The Court rejected Alder Aqua’s objection as to FishDish’s lack of standing. Examining the fact at hand, the Court noted that the bankruptcy court had previously held that FishDish had standing as an aggrieved person and this finding was not appealed and therefore that decision continues to govern unless there is manifest injustice which is not applicable here. The Court then rejected Alder Aqua’s objection to dismiss on the basis of equitable grounds and instead addressed the merits of FishDish’s arguments on appeal.

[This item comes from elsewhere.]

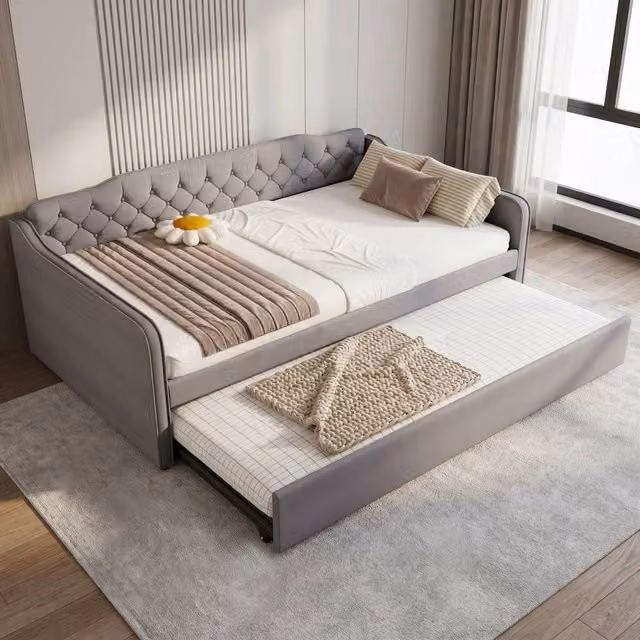 Merax Grey Velvet Upholstered Double Daybed with Pull-Out Trundle Bed, W/D/H: 140 x 200 cm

First, the Court addressed FishDish’s claim that the bankruptcy court applied the wrong standard when it found FishDish had no colorable claim and denied discovery on that ground. The Court noted that FishDish expressly stated at a hearing that it did not need any additional information, it had investigated its claims and had substantial information to make its case. Accordingly, the Court found that FishDish’s claim that it was denied discovery during the proceedings lacked merit. The Court also held that FishDish’s claims were untimely. In light of the foregoing, the Court held that the bankruptcy court did not abuse its discretion by denying FishDish’s discovery request. Second, the Court addressed FishDish’s claim that the bankruptcy court did not provide the requisite notice and opportunity to object to an Amended Disclosure Statement and that the notice also lacked sufficient information. Examining the facts at hand, the Court noted that the original disclosure statement was filed in December 2018 and any changes thereto were to reflect the settlement with the UCC, but that the statement was otherwise the same. Given the date of the original disclosure statement and the lack of adverse changes thereto, the Court held that the notice given was sufficient to allow FishDish to meaningfully object. Third, the Court addressed FishDish’s claim that the bankruptcy court erred in entering the Confirmation Order because the Plan (1) did not treat equity holders equally, (2) was not proposed in good faith, (3) was not in the best interest of creditors, and (4) was not feasible. The Court disagreed with FishDish’s claims and affirmed the Plan. In evaluating FishDish’s claims, the Court found that (1) there was no preferential treatment because it comported with the requirement of 11 U.S.C. § 1123(a)(4) that they “provide the same treatment for each claim or interest of a particular class, unless the holder of a particular claim or interest agrees to a less favorable treatment of such particular claim or interest”; (2) the Plan was proposed in good faith because it was “possible, achievable, and focused on reorganization”; (3) the Plan satisfied the Best Interests of Creditors Test of 11 U.S.C. § 1129(a)(7)(A)(ii); and (4) the Plan was feasible Under Section 1129(a)(11) as the Court found the evidence to conclusively demonstrate intention and ability to fully fund the Plan.